色んなところにスタイルを感じたが、思い出せるのは二つくらい。強盗の後のカーチェイスのシーンで、同乗者の女性の表情をとらえるとともに、リアウインドウ越しに追いかけてきた車がクラッシュするのを写し込んでいる。また、名無しのドライバー(ライアン・ゴスリング)が、エレベーターで人妻だが相愛のアイリーン(キャリー・マリガン)に別れの(?)キスをするシーンのスローモーションも印象深い。

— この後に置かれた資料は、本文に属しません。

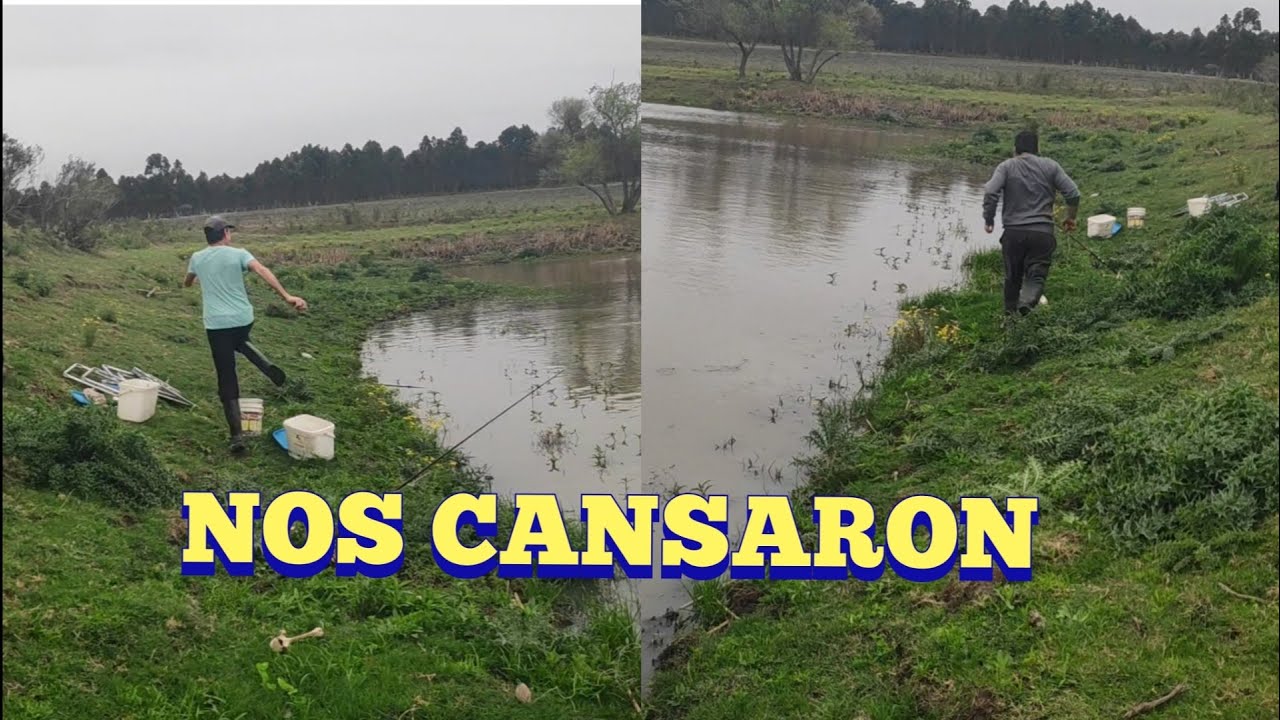 Estos bagres nos cansaron en Pesca en agua dulce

お話はありがちだけど(どっかで『シェーン』みたいと書いてあるのを読んだ)、スタイリッシュな演出のお陰で退屈するヒマはない。それよりワタクシ的には、主人公の名無しのドライバーに難ありだ。無口はまあよい。プラトニックもまあよい。アイリーンの息子に対する優しさは、なかなかよい。サテンの生地にスコーピオンのジャケットもまだよい。逃走時のドライバーとして強盗に荷担するのは穏やかではないが、まあ、娯楽映画と思えばいいんじゃないの。ただし、愛する女性を守るため、命を賭しての大殺戮。これには思いっきり引いた。仮に私を守るためであったとしても、そんなことをする人には一瞬にして恋も冷める。ロマンチックでもヒロイックでもない描かれ方のため、うへぇと逃げ出したくなった。

DRIVE
監督:ニコラス・ウィンディング・レフン
(2012/11/24 ギンレイホール)

危険なメソッド

かしこまったクローネンバーグ(笑)。

ユング(マイケル・ファスベンダー)・・・・フロイドの嫉妬と羨望のまなざしを感じとれないお坊ちゃま。
フロイド(ヴィゴ・モーテンセン)・・・・貧乏、子だくさん、ユダヤ人であることの劣等感(ではなさそうだけど、そんな感じ)というか、ユングへの羨望が不和の原因か。
サビーナ(キーラ・ナイトレイ)・・・・顎が、顎が・・・・、よく外れなかったと思う。
エマ(サラ・ガドン)・・・・絵のような奥さん。
オットー(ヴァンサン・カッセル)・・・・ヴァンサン・カッセル、クローネンバーグと気が合ったのだろうか?何だか嬉しい再登場。

A DANGEROUS METHOD
監督:デヴィッド・クローネンバーグ
(2012/11/23 TOHOシネマズシャンテ)

ジェーン・エア

美しい~。曇り空に稲光。落ち着いた緑に花の色。明るい豪奢なお城に、暗く重苦しい邸宅。更に更に、ろうそくに照らされたジェーン(ミア・ワシコウスカ)の繊細な表情。不機嫌なロチェスター(マイケル・ファスベンダー)までもが美々しいのだ。
風景も人物も限りなく静かなのに、ヒジョーに激しいと思った。ジェーンとロチェスターが激しいのだ。激情、恋の嵐、西城秀樹(笑)。

それにしてもジェーンのモテ率100%はすごい。セント・ジョン・リバース(ジェイミー・ベル)からも求愛されて。
お屋敷の窓から遠くを眺め、広い世界を見たい、男性との出会いがほしいと言っていたジェーン。的中率もすごかった。